(Dataset entries)
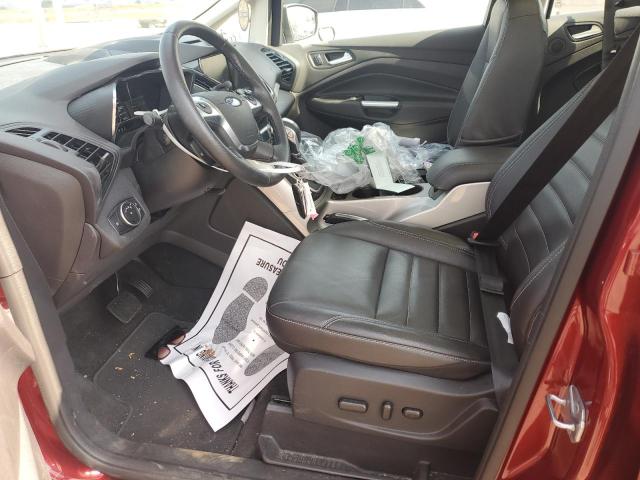 1FADP5CU3FL121787 Ford C-MAX PREM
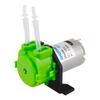 3*5 Size 12V DC Dosing Pump 12V/24V Voltage Peristaltic Design Aquarium Pump DC Powered DIY Compatible Analytical Water Pump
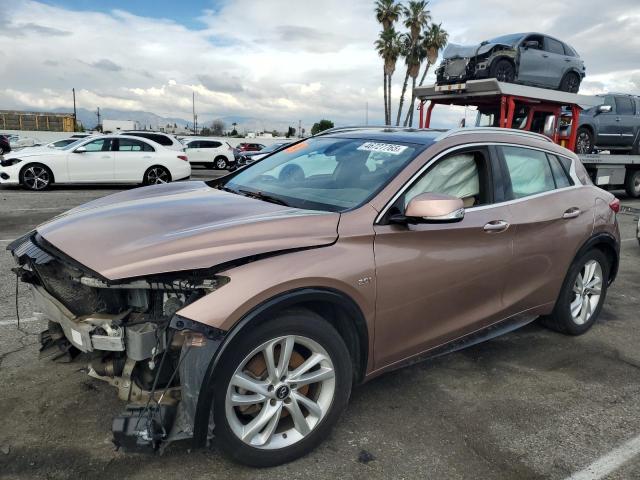 2019 Infiniti Qx30 Pure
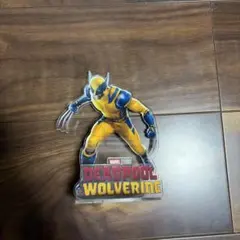 映画デッドプール&ウルヴァリンフィギュア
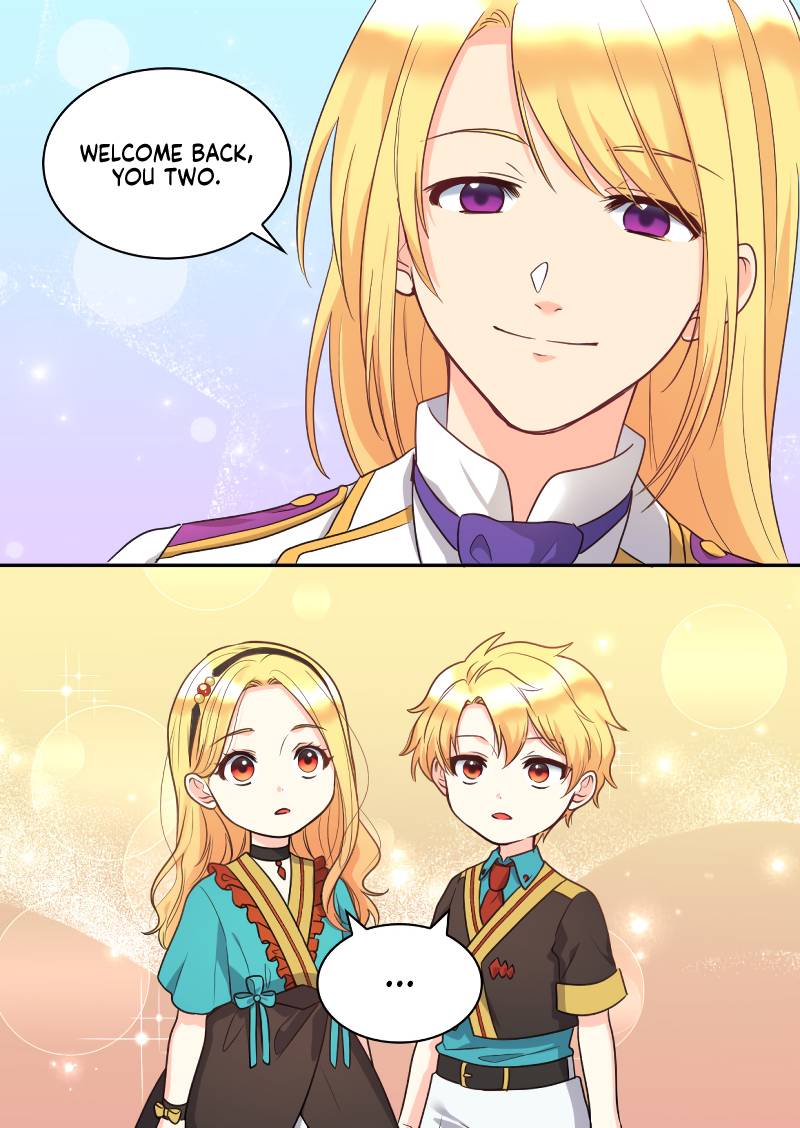 The Twin Siblings’ New Life Chapter 57 - Page 60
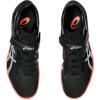 imageASICS Unisex HIGH Jump PRO 3 L Track ampamp Field Shoes 6 BlackPure Silver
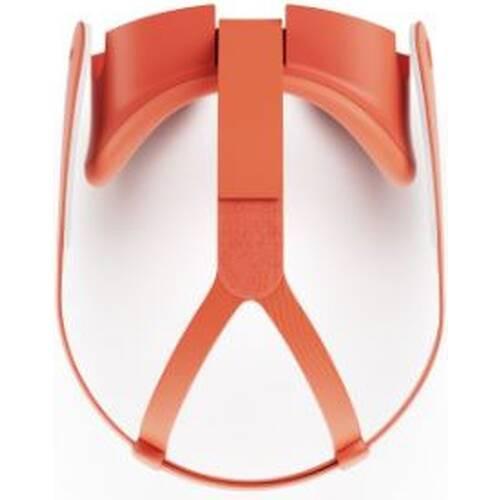 Meta Quest 3 接顔部 &amp; ヘッドストラップ(ブラッドオレンジ)　899-00629-01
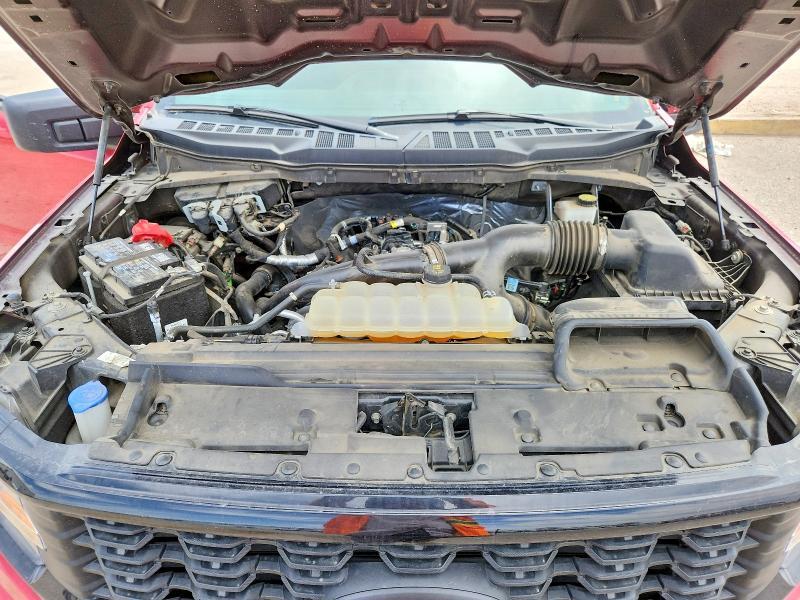 2024 Ford F150 STX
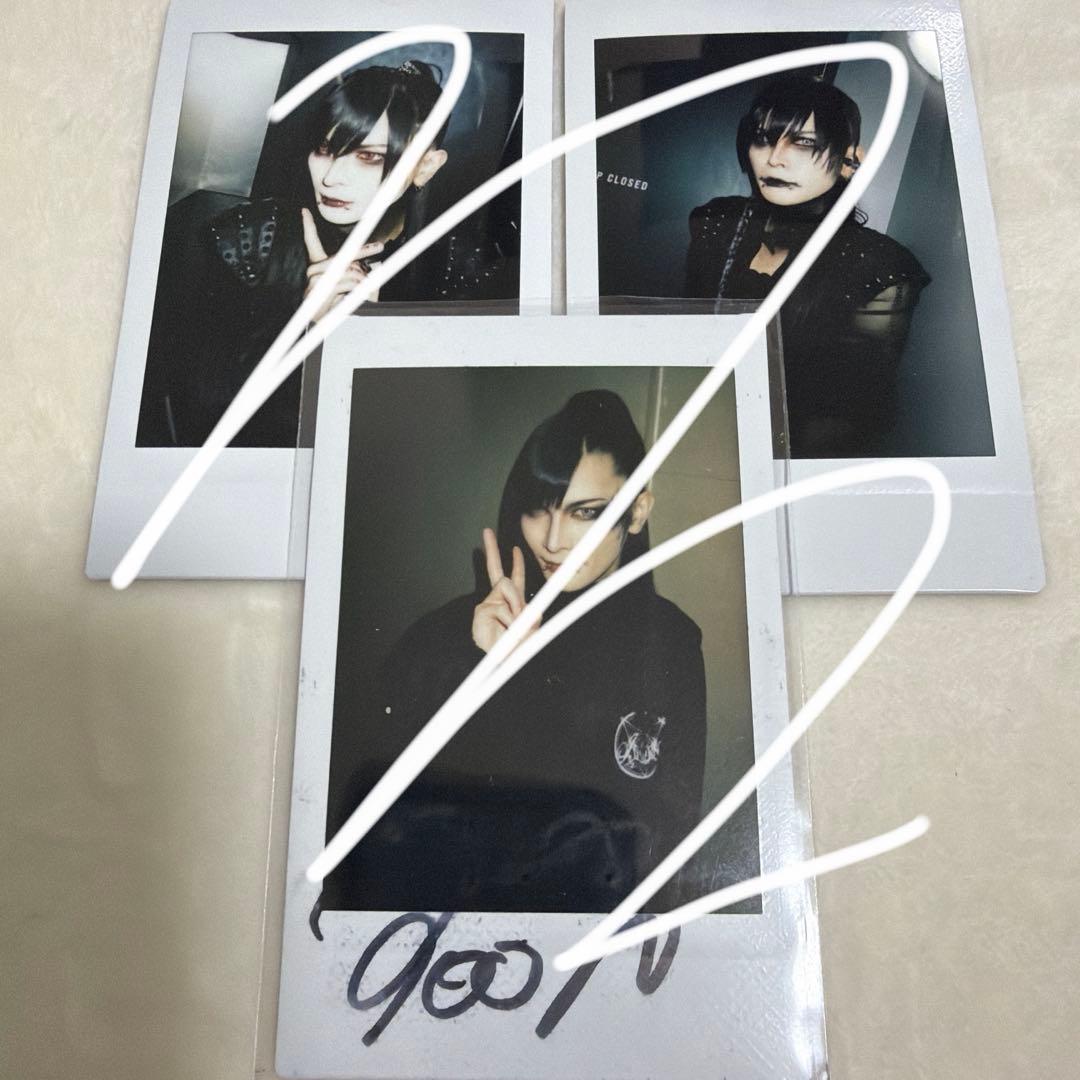 JILUKA Boogie チェキ セット サイン - メルカリ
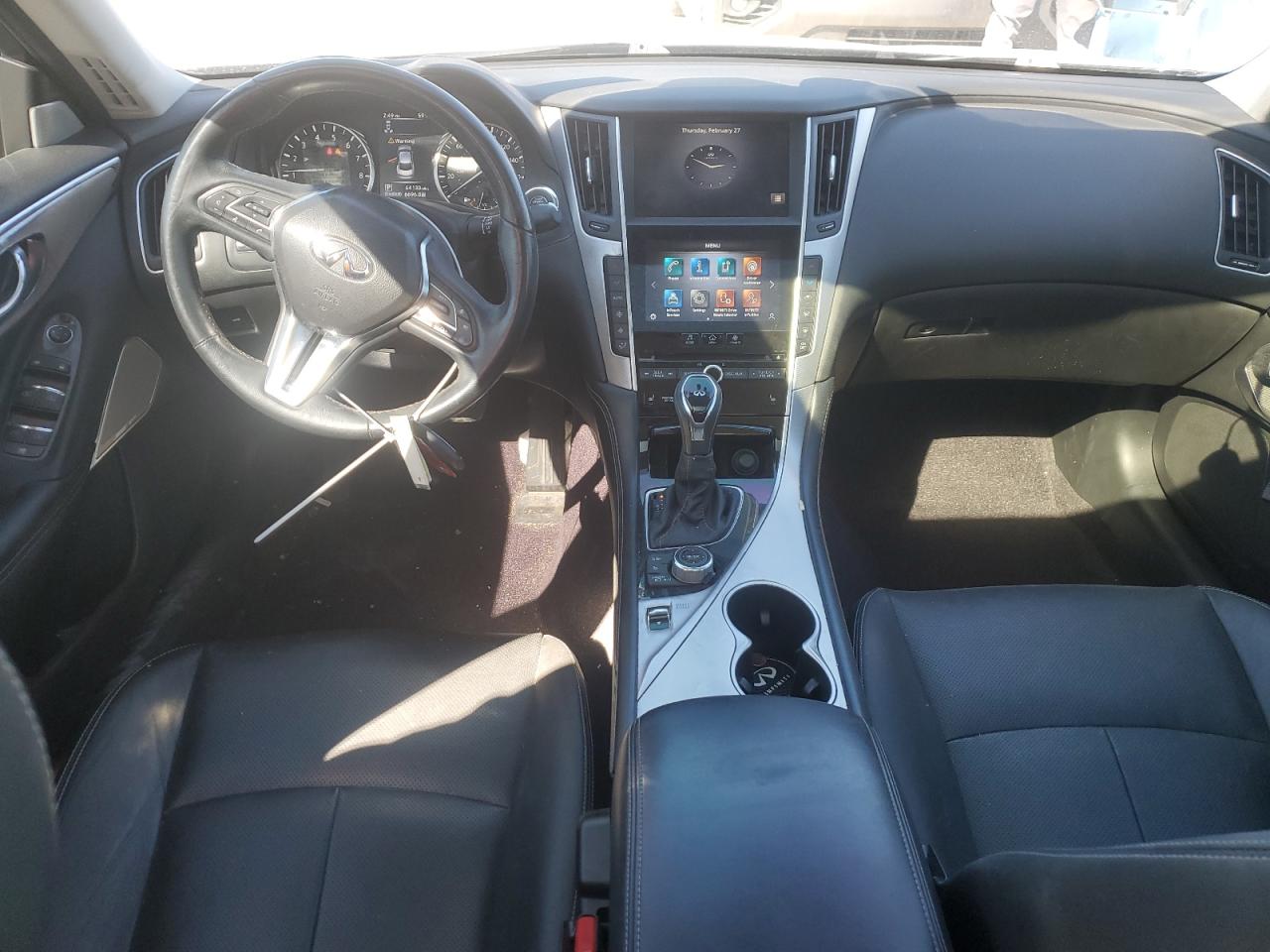 2021 Infiniti Q50 - Image 8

**AIM OF THE TASK:**
Please give a word-for-word transcript of the lines from the one holding "映画デッドプール&ウルヴァリンフィギュア" through the final line of the entries, both ends kept, with no pictures.

**WRITTEN RESPONSE:**
 映画デッドプール&ウルヴァリンフィギュア
 The Twin Siblings’ New Life Chapter 57 - Page 60
 imageASICS Unisex HIGH Jump PRO 3 L Track ampamp Field Shoes 6 BlackPure Silver
 Meta Quest 3 接顔部 &amp; ヘッドストラップ(ブラッドオレンジ)　899-00629-01
 2024 Ford F150 STX
 JILUKA Boogie チェキ セット サイン - メルカリ
 2021 Infiniti Q50 - Image 8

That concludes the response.